Louis wbiegł do łazienki, gdzie od razu włożył dłoń pod strumień zimnej wody. Ciężko było to zrobić, gdyż ręce drżały mu niemiłosiernie. To był on. To był jego Hazza. Szatyn spojrzał w lustro. Jego policzki były zarumienione, źrenice powiększone, wargi spierzchnięte, a z ust wydobywał się co chwilę głośny wydech. Sam do końca nie wiedział dlaczego jego ciało tak zareagowało. Przecież tylko słyszał jego głos i to przez drzwi. Louisa ogarnęła panika. Bał się soboty niezmiernie. W końcu świadomość dopuściła to do siebie, co ma się wydarzyć. Nie wiedział, co wtedy może się stać, kiedy będzie śpiewał z Harrym, kiedy zapewne będą musieli się dotykać podczas nagrywania teledysku. Nagły atak paniki już dawno mu się nie zdarzał. Niebieskooki zsunął się po ścianie prosto na zimne płytki. Próbował się uspokoić.

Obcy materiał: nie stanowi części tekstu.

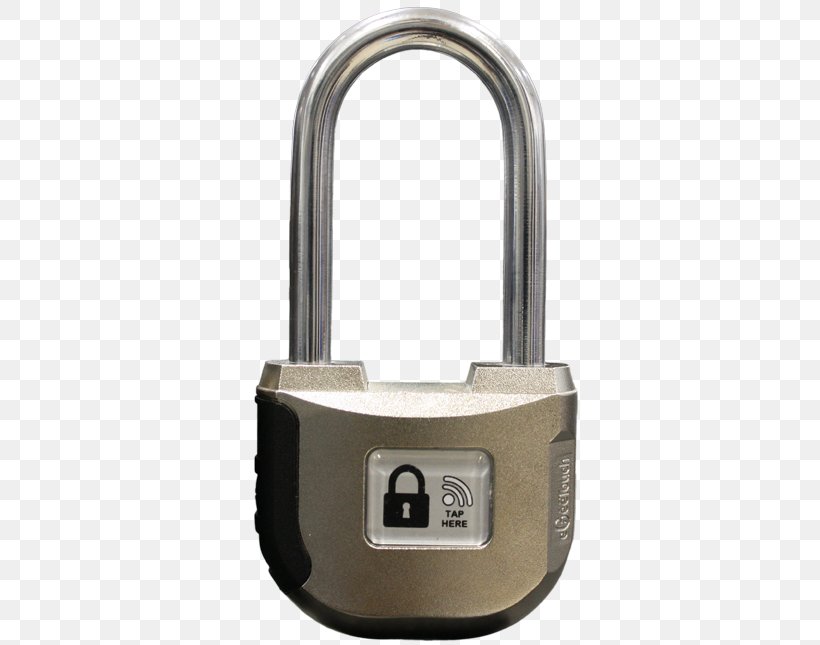 Padlock Key Electronic Lock Locker, PNG, 567x645px, Padlock, Cabinetry, Door, Electronic Lock, Electronics Download Free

Głęboki wdech i wydech Louis, pamiętaj... Oddychaj głęboko, zaraz przejdzie

W głowie szatyna pojawiła się inscenizacja jednego z pierwszych napadów paniki. Przed pierwszym koncertem miał go pierwszy raz. Siedział na fotelu, myślał że to już koniec i nigdy więcej nie będzie w stanie wziąć normalnego oddechu. W tedy ujrzał zakłopotane zielone oczka z przerażeniem patrzące na niego. Harry ujął jego dłoń i zaczął powtarzać te słowa jak mantrę w międzyczasie składając delikatne cmoknięcia na zewnętrznej stronie dłoni starszego. Mimo wszystko pomogło mu to.

Louis się uśmiechnął na wspomnienie tej sytuacji. Nawet nie zauważył, że jego atak już minął. Szatyn powoli podniósł się, by po chwili rozłożyć się na wielkim łożu.